Compute the log-loss incurred in BCT prediction with memory length D. Given an initial context (x_{-D+1}, ..., x_{0}) and training data (x_{1}, ..., x_{n}), the log-loss is computed in sequentially predicting the test data (x_{n+1}, ..., x_{n+T}). The function outputs the cummulative, normalized (per-sample) log-loss, at each prediction step; for more information see Kontoyiannis et al.(2020).
log_loss(input_data, depth, train_size, beta = NULL)
input_data
the sequence to be analysed. The sequence needs to be a "character" object. See the examples section of BCT/kBCT functions on how to transform any dataset to a "character" object. |
depth
maximum memory length. |
train_size
number of samples used in the training set. The training set size should be at least equal to the depth. |
beta
hyper-parameter of the model prior.

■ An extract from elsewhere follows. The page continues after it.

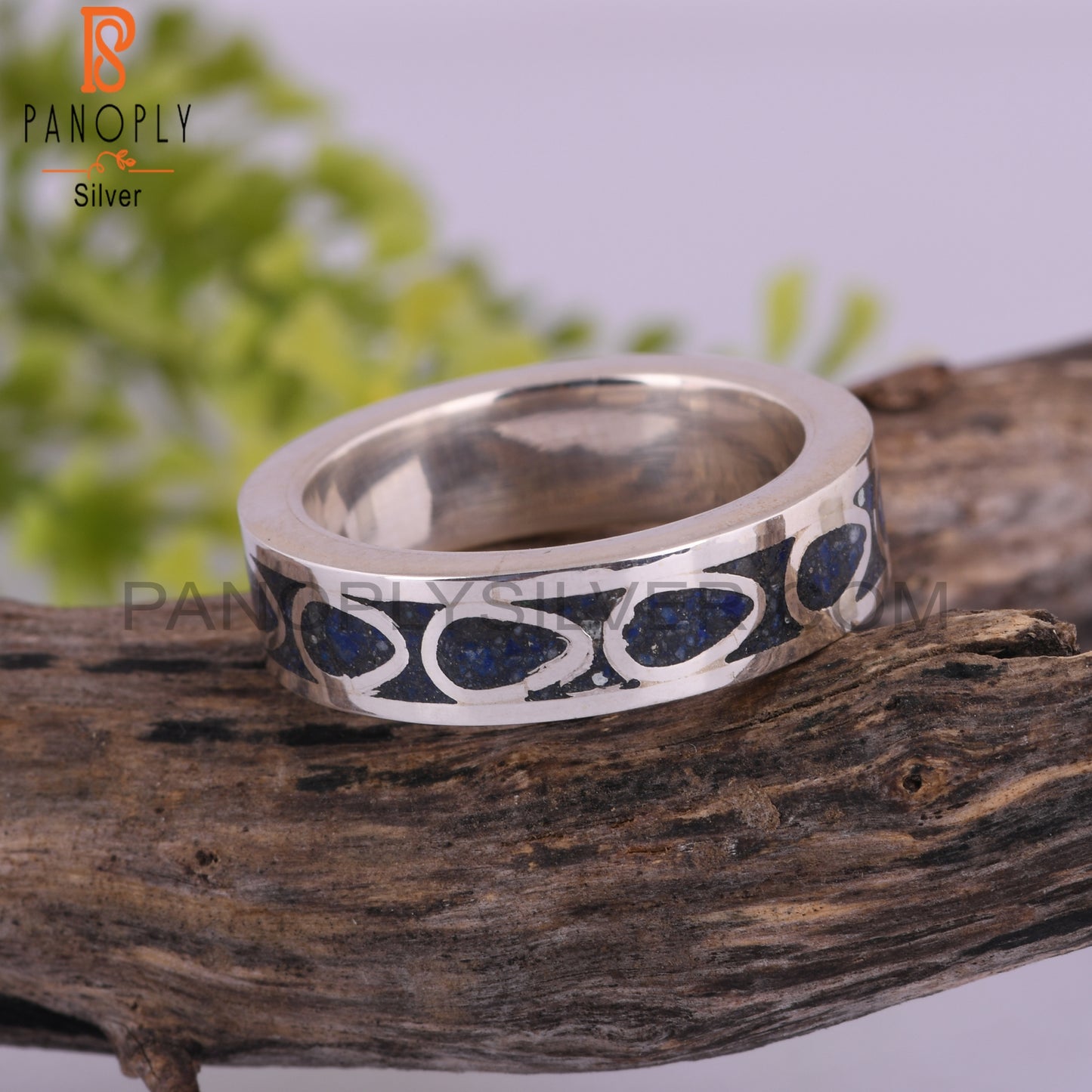 Lapis Inlay 925 Sterling Silver Ring Gift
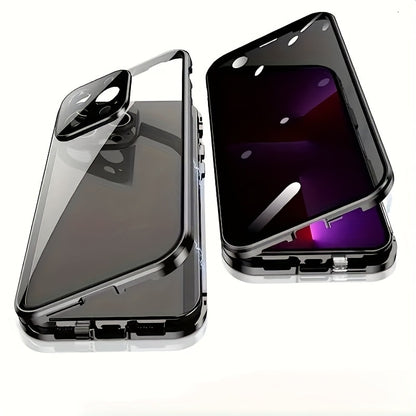 Clear Back Privacy iPhone Case with Metal Frame & Magnetic Double-Sided Tempered Glass – Anti-Peep Anti-Spy Transparent Cover for iPhone 12 13 14 15 16 Pro Max Plus, Wireless Charging Compatible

Takes values between 0 and 1. If not initialised in the call function, the default value is 1-2^{-m+1}, where m is the size of the alphabet; for more information see Kontoyiannis et al. (2020). |
returns a vector containing the averaged log-loss incurred in the sequential prediction at each time-step.
# Compute the log-loss in the prediction of the last 10 elements
# of a dataset.
log_loss(pewee, 5, nchar(pewee) - 10)
# For custom beta (e.g. 0.7):
log_loss(pewee, 5, nchar(pewee) - 10, 0.7)